A top Russian-language underground forum has been running a “contest” for the past month, calling on its community to submit “unorthodox” ways to conduct cryptocurrency attacks.

The forum’s administrator, in an announcement made on April 20, 2021, invited members to submit papers that assess the possibility of targeting cryptocurrency-related technology, including the theft of private keys and wallets, in addition to covering unusual cryptocurrency mining software, smart contracts, and non-fungible tokens (NFTs).

The contest, which is likely to continue till September 1, will see a total prize money of $115,000 awarded to the best research.

password auditor

“So far, the top candidates (according to forum member voting) include topics like generating a fake blockchain front-end website that captures sensitive information such as private keys and balances, creating a new cryptocurrency blockchain from scratch, increasing the hash rate speed of mining farms and botnets, and demonstrating a custom tool that parses logs for cryptocurrency artifacts from victim machines,” said Michael DeBolt, Intel 471’s Senior Vice President of Global Intelligence, in an email interview with The Hacker News.

Other entries looked at manipulating APIs from popular cryptocurrency-related services or decentralized-file technology to obtain private keys to cryptocurrency wallets as well as creating a phishing website that allowed criminals to harvest keys to cryptocurrency wallets and their seed phrases.

Given the crucial role played by underground marketplaces like Hydra in enabling cybercrime groups to cash out their cryptocurrency haul, it’s plausible that methods that permit Ransomware-as-a-Service (RaaS) operators to step up pressure on victims and force them to give into their ransom demands could gain traction.
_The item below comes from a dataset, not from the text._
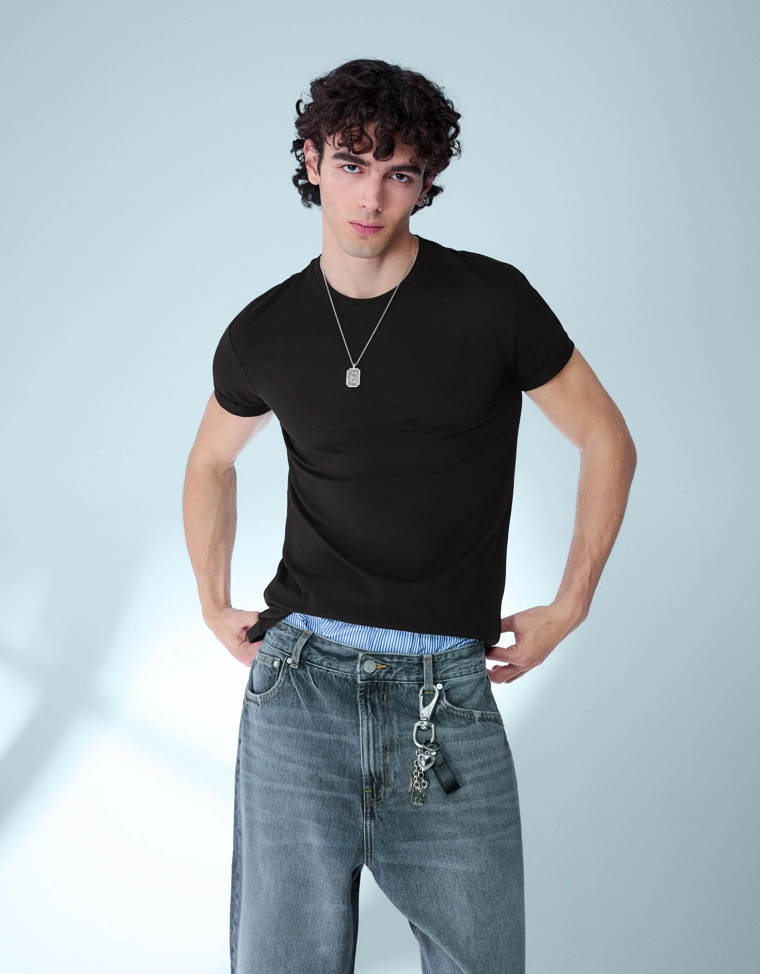 Футболка с отворотами на рукавах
But DeBolt noted that most entries so far have been about instructions or tools for how to plunder cryptocurrency assets, which are unlikely to be of any “immediate significant value” to RaaS cartels.

Although other instances of incentivized contests involving topics like mobile OS botnets, ATM and point-of-sale (PoS) exploits, and fake GPS signals have been observed before in the cybercrime underground, the latest development is yet another indication that criminals are increasingly exploring cutting-edge techniques to help further their motives.

“The biggest takeaway from the adversary side is that this type of incentivized knowledge-sharing bolsters the already interconnected and interdependent cybercrime underground by consolidating illicit resources in one place and making it easier for like-minded criminals who want to pursue cryptocurrency hacks by giving them a platform to collaborate, discuss and share ideas,” DeBolt said.

“Conversely, the biggest takeaway from the defender side is that we can take advantage of these open contests, to gain an understanding of current and emerging methodologies and tactics that we can prepare for. It illuminates things for us and helps to level the playing field,” he added.